**Material provided**
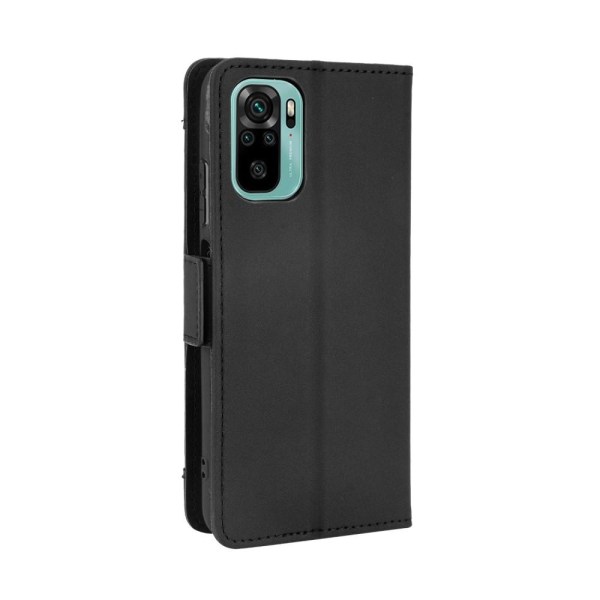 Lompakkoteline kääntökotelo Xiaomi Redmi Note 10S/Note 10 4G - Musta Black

--

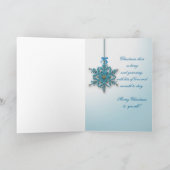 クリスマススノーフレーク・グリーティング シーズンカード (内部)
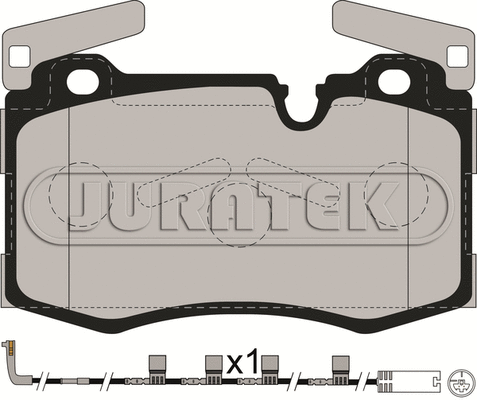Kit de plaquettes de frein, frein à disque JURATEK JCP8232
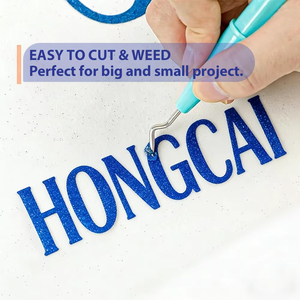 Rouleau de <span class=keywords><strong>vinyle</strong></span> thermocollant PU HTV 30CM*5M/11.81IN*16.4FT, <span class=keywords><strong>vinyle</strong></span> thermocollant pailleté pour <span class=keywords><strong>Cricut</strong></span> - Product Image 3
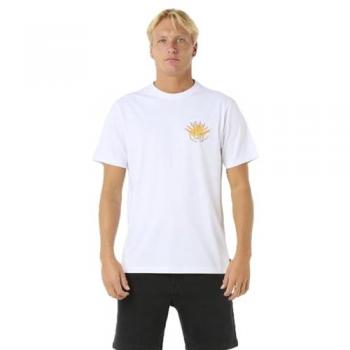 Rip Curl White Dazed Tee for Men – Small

**What the task asks**
What you write out is the stretch of entries from the line containing "クリスマススノーフレーク・グリーティング シーズンカード (内部)" to the line containing "Kit de plaquettes", word for word, with both end lines and no pictures.

**Answer for the task**
 クリスマススノーフレーク・グリーティング シーズンカード (内部)
Kit de plaquettes de frein, frein à disque JURATEK JCP8232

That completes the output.